NCAA Division III, Southern Athletic Association: Baseball (M), Basketball (M & W), Beach Volleyball (W), Cross Country (M & W), Field Hockey (W), Football (M), Golf (M & W), Lacrosse (M & W), Soccer (M & W), Softball (W), Swimming and Diving (M & W), Tennis (M & W), Track and Field (M & W), and Volleyball (W)
Comprehensive fee, 2018-19: $58,074 (tuition, room, board, and mandatory fees)
Financial aid: 100 percent of students receive some form of achievement-based and/or need-based state, federal, or institutional assistance; 87% of financial need met (on average); $38,736 average award for 2017-18
Academic consortium: Associated Colleges of the South
Major accreditations: Higher Learning Commission, University Senate of the United Methodist Church, American Chemical Society, American Society for Biochemistry and Molecular Biology.

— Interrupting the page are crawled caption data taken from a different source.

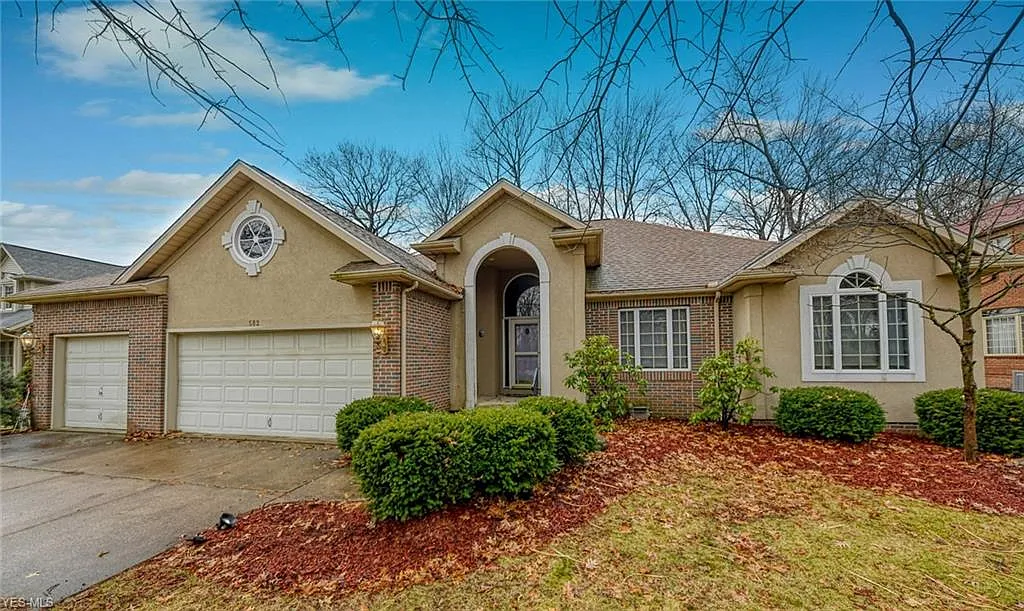 582 Anna Dean Ln photo 1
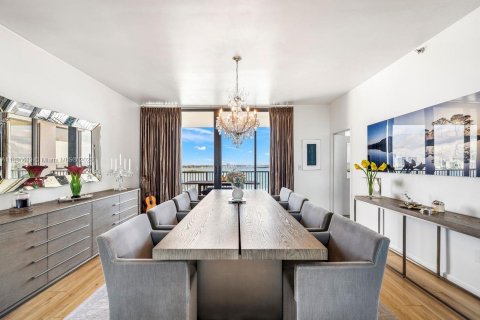 Condo in Miami, Florida, 3 bedrooms  № 1950099 - photo 27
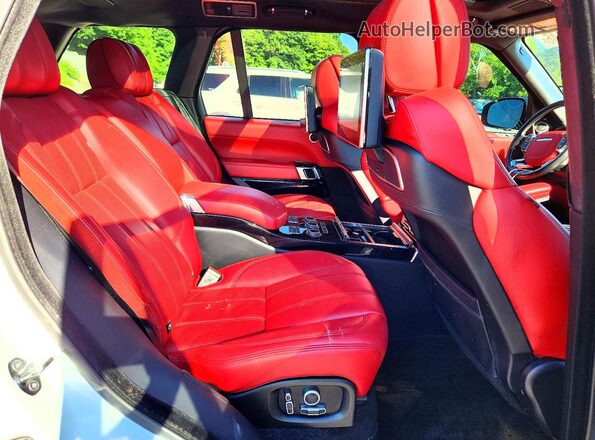 SALGV2FE5HA336823 2017 LAND ROVER RANGE Белый Вид задней части салона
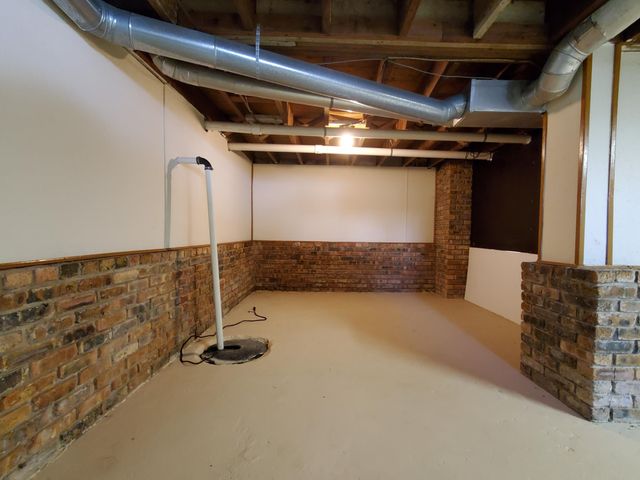 201 W Halleck Street, Morocco, IN 47963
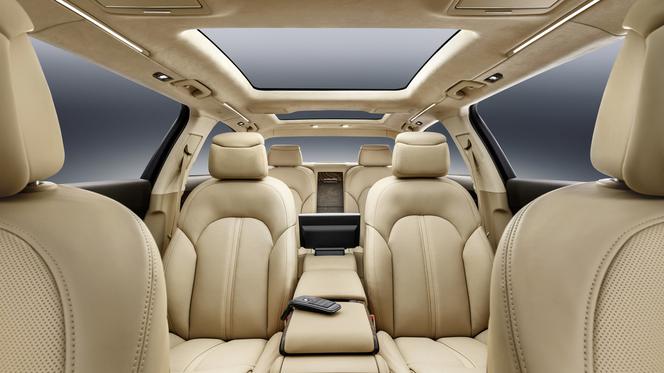 Audi A8 L extended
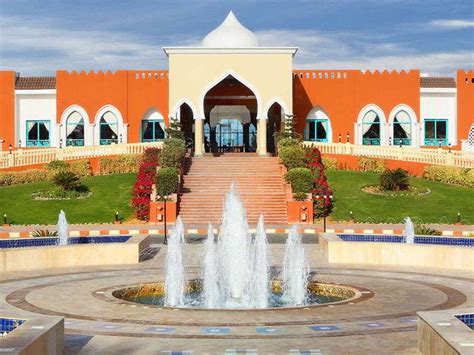 Aladdin Beach Resort Hotel (Hurghada) from £35 | lastminute.com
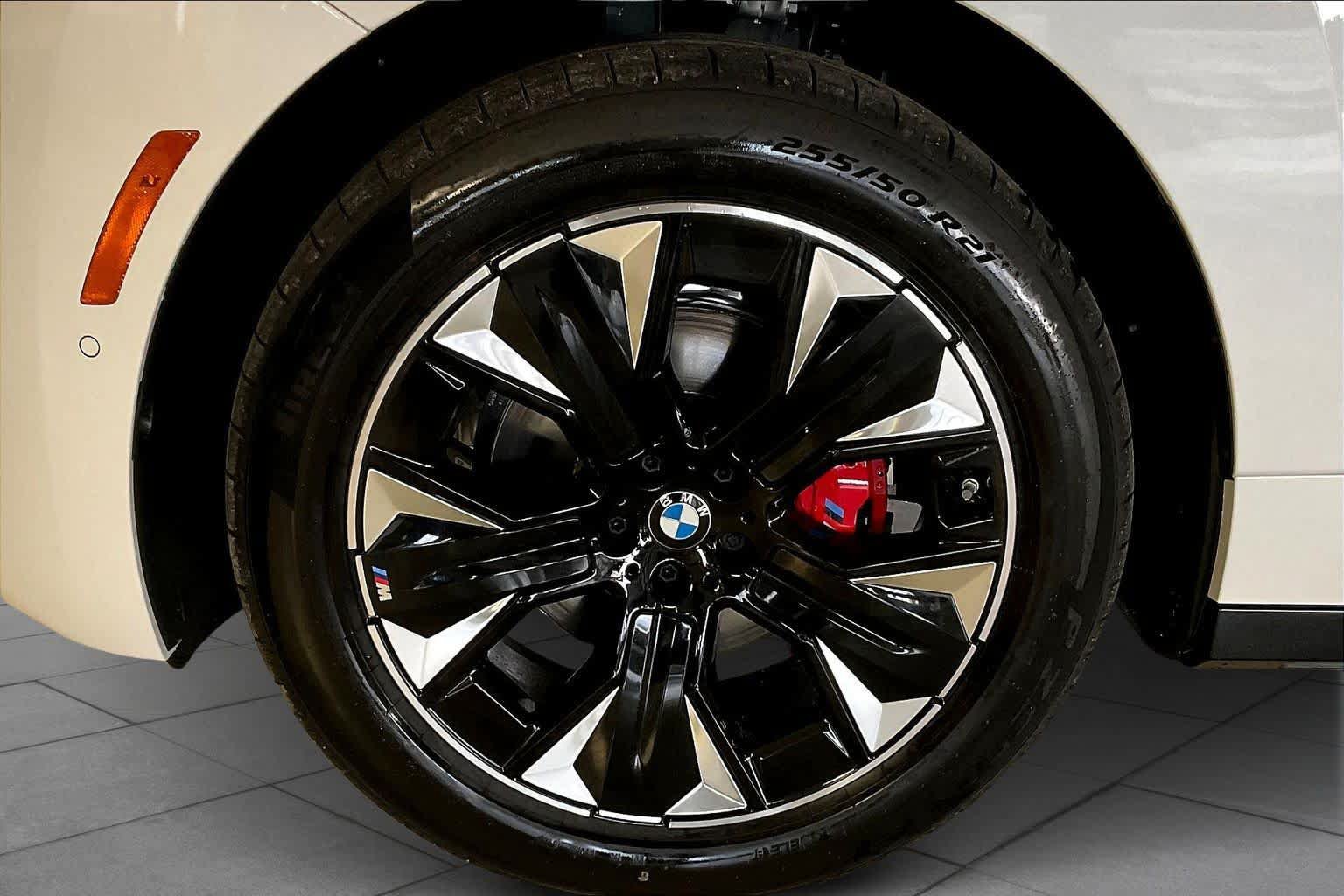 Used 2026 BMW iX xDrive60 w/ M Sport Package AWD/4WD image 11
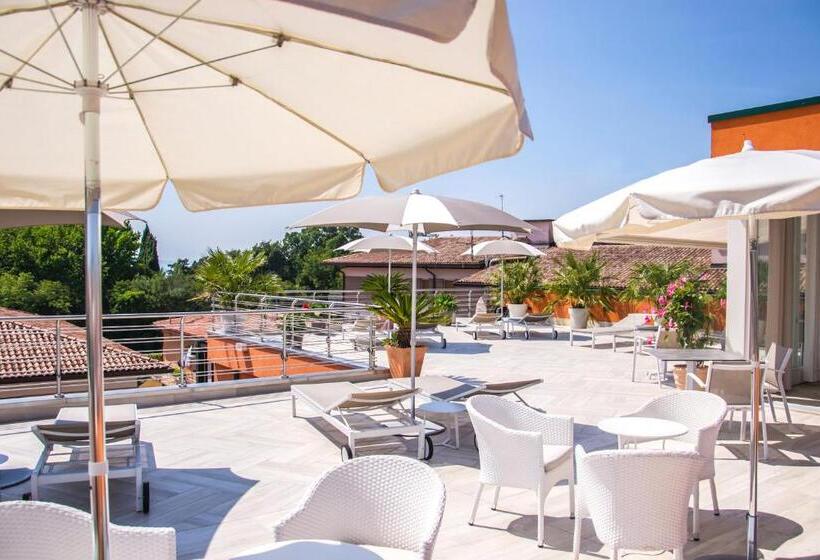 Blue Lake Residence   Bardolino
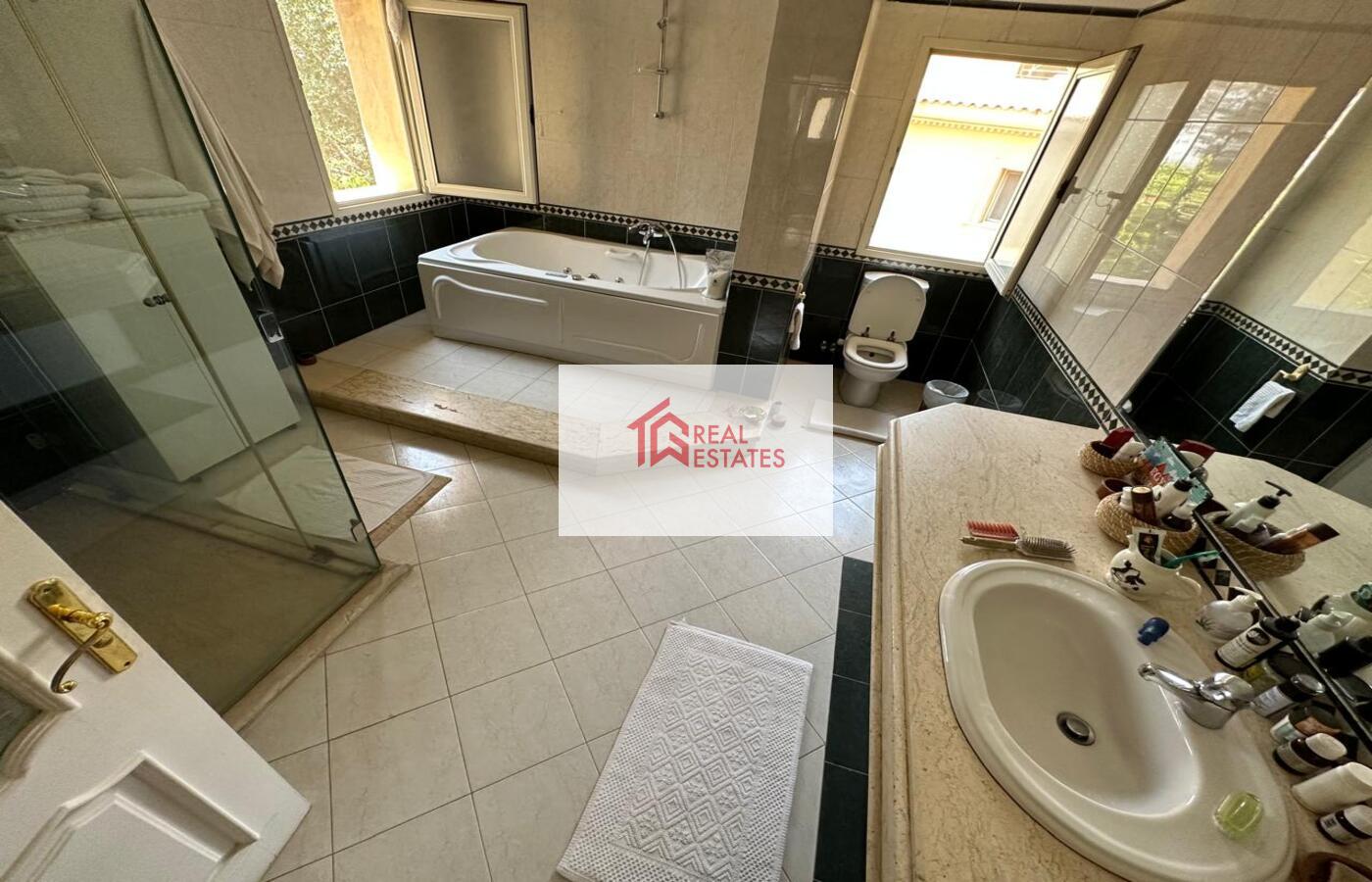 Bağımsız Villa kiralık Katameya Heights özel yüzme havuzlu 5 Yatak Odalı yarı mobilyalı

Alumni body: More than 15,000
Endowment: Approximately $185 million
President Bill Tsutsui and the senior leadership team keep Hendrix College at the forefront of American higher education.
William M. (Bill) Tsutsui is president and professor of history at Hendrix College. He previously served as dean of Dedman College of Humanities and Sciences at Southern Methodist University from 2010 to 2014. He holds degrees from Harvard, Oxford, and Princeton universities. Prior to joining SMU, Tsutsui spent seventeen years at the University of Kansas, where he served as acting director of KU’s Center for East Asian Studies, chair of the Department of History, founding executive director of the Confucius Institute at the University of Kansas, and associate dean for International Studies in the College of Liberal Arts & Sciences.
An award-winning classroom teacher, Tsutsui is the author or editor of eight books, including Manufacturing Ideology: Scientific Management in Twentieth-Century Japan, Godzilla on My Mind: Fifty Years of the King of Monsters, and Japanese Popular Culture and Globalization, as well as numerous articles on modern Japanese history. He has received Fulbright, ACLS, and Marshall fellowships, and was awarded the John Whitney Hall Prize of the Association for Asian Studies in 2000, the William Rockhill Nelson Prize for Non-Fiction in 2005, and the inaugural Bridges to Friendship Award from the Japan America Society of Greater Austin in 2015. His teaching and research focus on the business, environmental, and cultural history of twentieth-century Japan.
"Unto the whole person"
The Hendrix College seal appeared for the first time on the cover of the 1898 catalog. The seal included the College's motto, selected by a committee headed by the Rev. George W. Hill and taken from a passage in Ephesians: "Till we all come in the unity of the faith and of the knowledge of the Son of God, unto a perfect man unto the measure of the stature of the fullness of Christ …" (Ephesians 4:13, King James Version). Currently translated as "unto the whole person," the motto, in Ancient Greek, reflects Hendrix's dedication to both Christian principles and the traditional liberal arts ideal.